(Recorded data)
════════

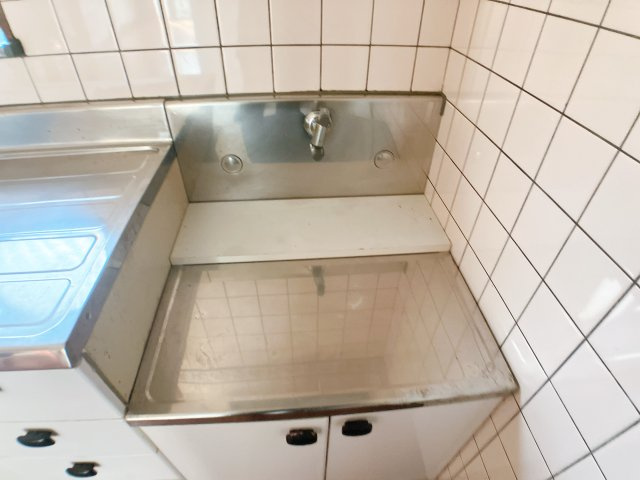 岩滑借家Aのキッチン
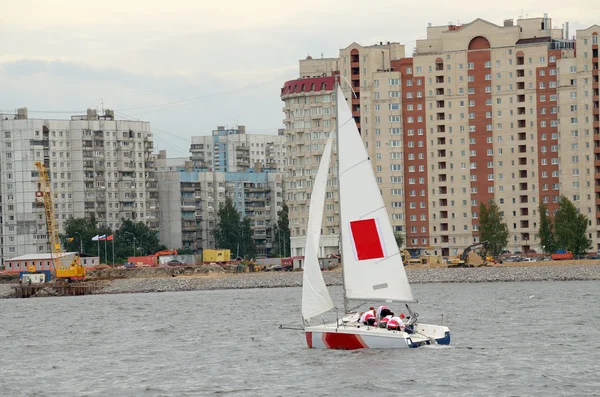 A lonely sail on the horizon. — Stock Photo, Image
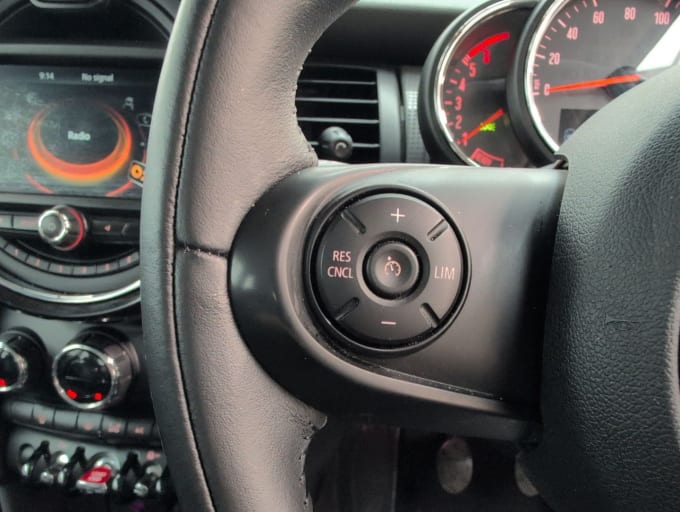 2025 Mini Hatch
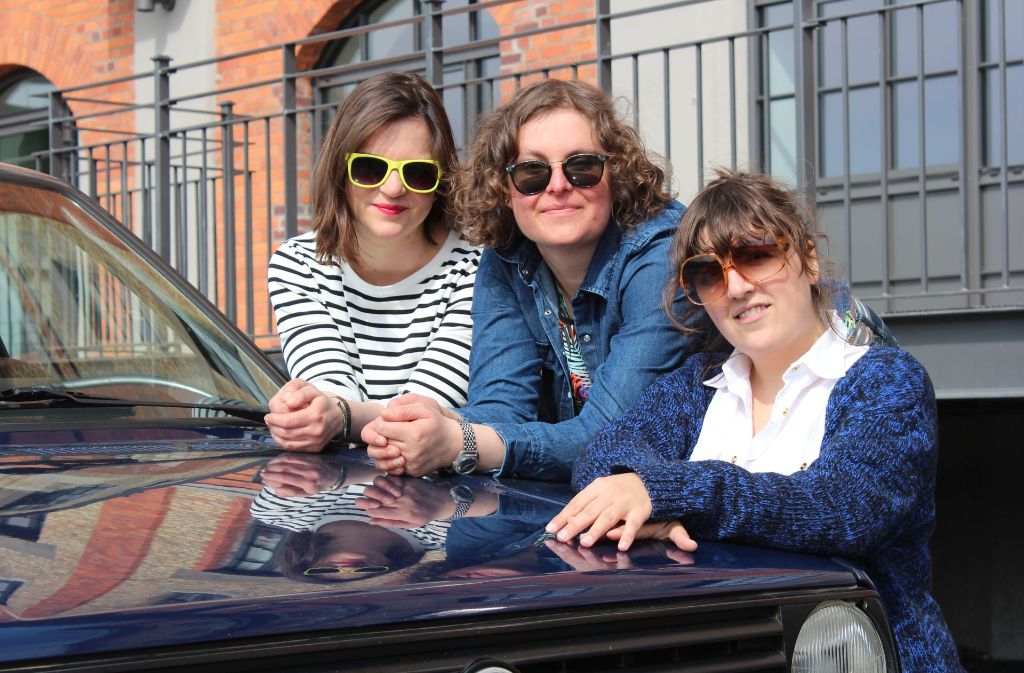 Anne Angert, Eva Maisel und Tina Ackermann (von links) beim privaten Fotoshooting mit ihrem Auto.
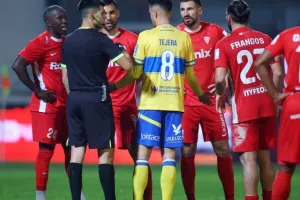 Νέα Σαλαμίνα-ΑΠΟΕΛ: Ούτε τώρα νίκη εκτός έδρας- Ψυχωμένος… ερυθρόλευκος βαθμός (φώτος)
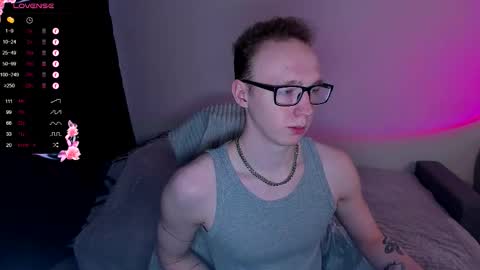 Snapshot of alex_silent chatting on 9, 10, 2025 alex_silent online show from 9, 10, 2025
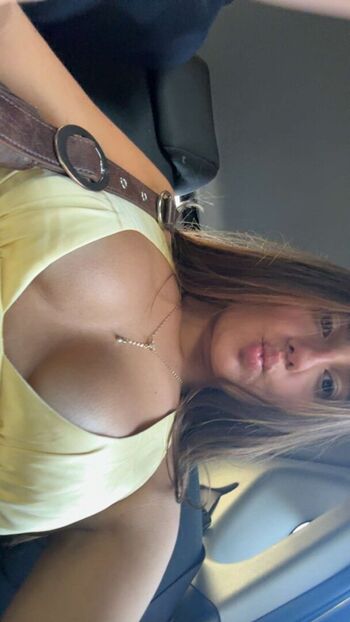 Full leaked Kirabee/ private onlyfans photo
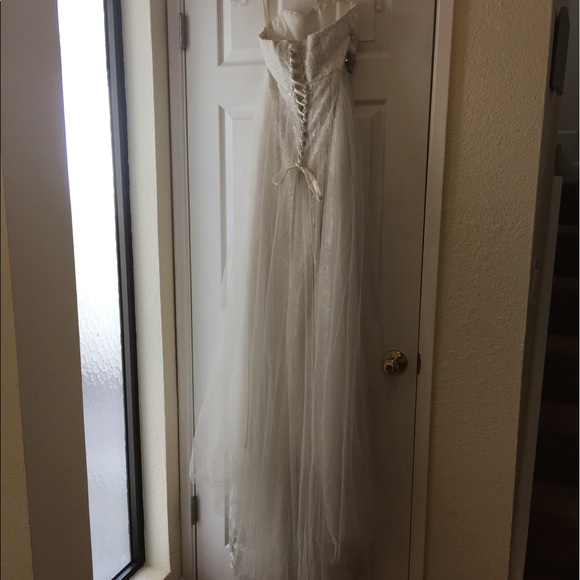 Wedding Gown/ Dress - Picture 4 of 8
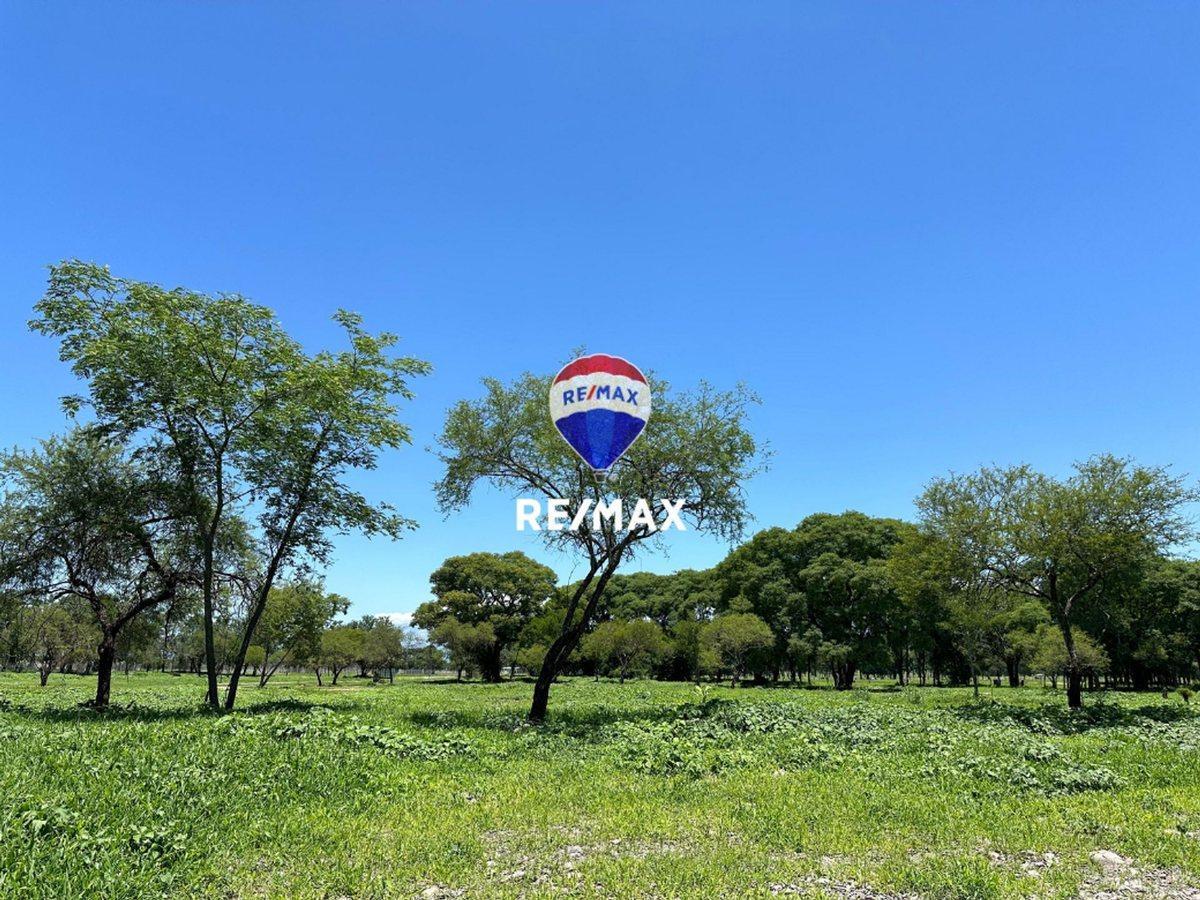 Lote en Venta La Arbolada Club de Campo 3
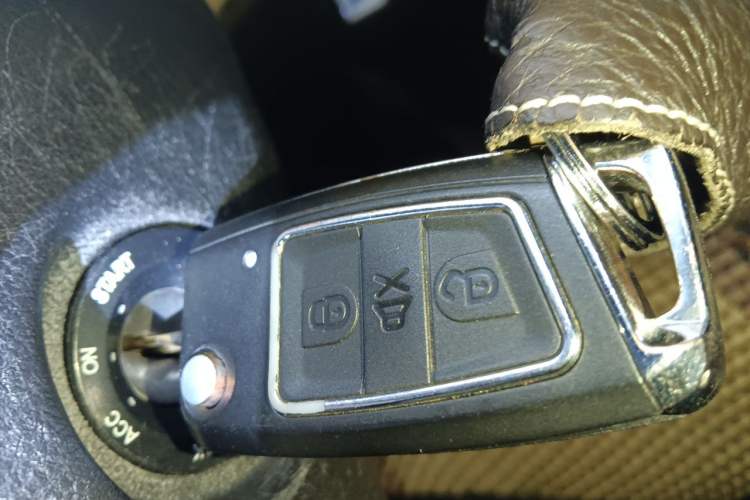 Used Buick Excelle 2013 1.5L Manual Classic Model Vehicle Key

════════

INSTRUCTIONS TO FOLLOW. The records are to be retyped in full and exactly, with no image carried over.

WRITTEN SOLUTION.
 岩滑借家Aのキッチン
 A lonely sail on the horizon. — Stock Photo, Image
 2025 Mini Hatch
 Anne Angert, Eva Maisel und Tina Ackermann (von links) beim privaten Fotoshooting mit ihrem Auto.
 Νέα Σαλαμίνα-ΑΠΟΕΛ: Ούτε τώρα νίκη εκτός έδρας- Ψυχωμένος… ερυθρόλευκος βαθμός (φώτος)
 Snapshot of alex_silent chatting on 9, 10, 2025 alex_silent online show from 9, 10, 2025
 Full leaked Kirabee/ private onlyfans photo
 Wedding Gown/ Dress - Picture 4 of 8
 Lote en Venta La Arbolada Club de Campo 3
 Used Buick Excelle 2013 1.5L Manual Classic Model Vehicle Key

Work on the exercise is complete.